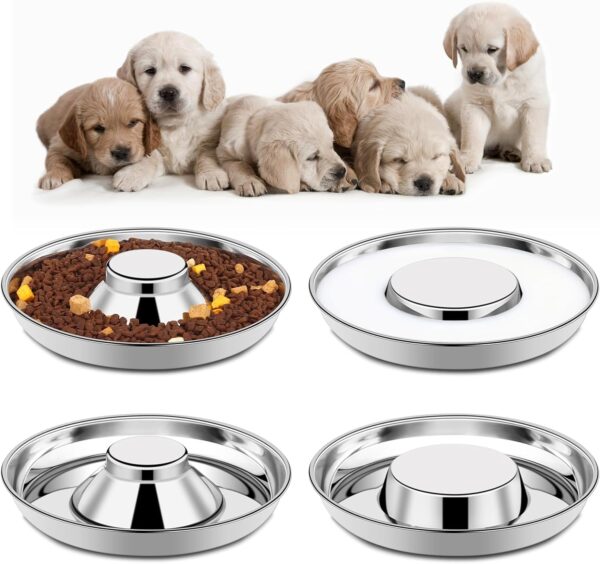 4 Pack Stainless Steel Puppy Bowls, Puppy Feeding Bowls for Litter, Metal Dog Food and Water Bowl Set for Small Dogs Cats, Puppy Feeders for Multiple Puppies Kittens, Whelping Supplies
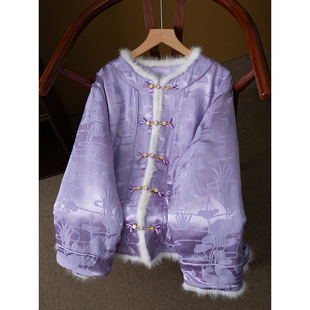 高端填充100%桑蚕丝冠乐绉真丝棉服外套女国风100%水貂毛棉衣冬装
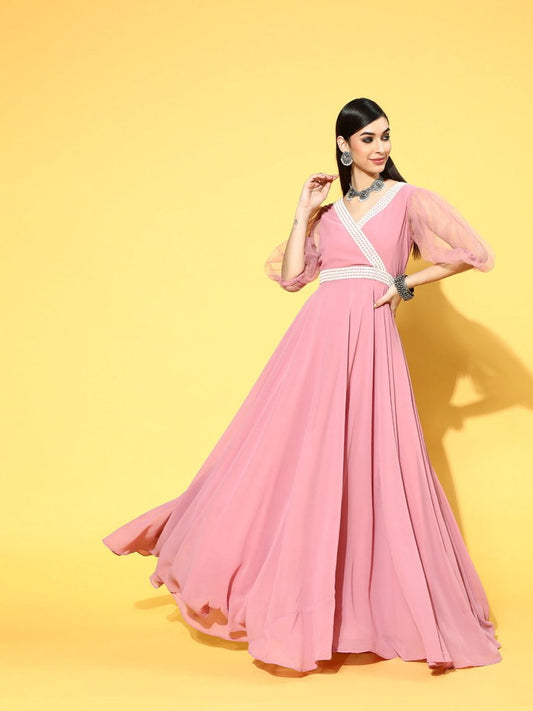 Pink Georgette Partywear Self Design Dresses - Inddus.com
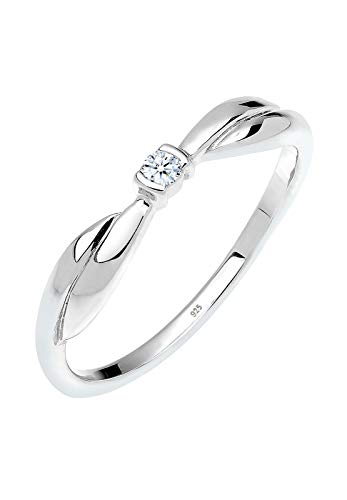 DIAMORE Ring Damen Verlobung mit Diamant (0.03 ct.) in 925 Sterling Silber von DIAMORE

____________________

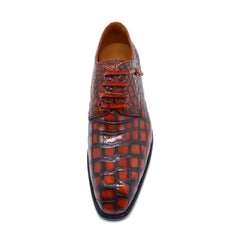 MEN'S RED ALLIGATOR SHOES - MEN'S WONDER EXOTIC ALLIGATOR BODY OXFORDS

____________________

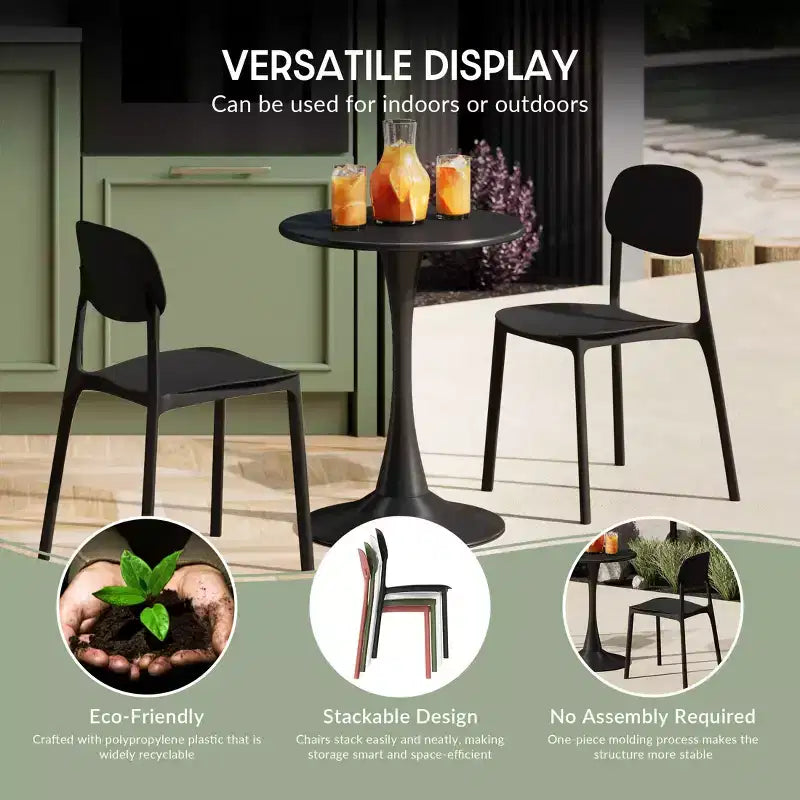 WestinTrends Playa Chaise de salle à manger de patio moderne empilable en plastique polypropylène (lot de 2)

____________________

[TASK PROMPT] Using the listing above, repeat word for word each line from the one with "高端填充100%桑蚕丝冠乐绉真丝棉服外套女国风100%水貂毛棉衣冬装" down to the one with "DIAMORE Ring Damen", both included. Omit all pictures.

[COMPLETED TASK]
 高端填充100%桑蚕丝冠乐绉真丝棉服外套女国风100%水貂毛棉衣冬装
 Pink Georgette Partywear Self Design Dresses - Inddus.com
 DIAMORE Ring Damen Verlobung mit Diamant (0.03 ct.) in 925 Sterling Silber von DIAMORE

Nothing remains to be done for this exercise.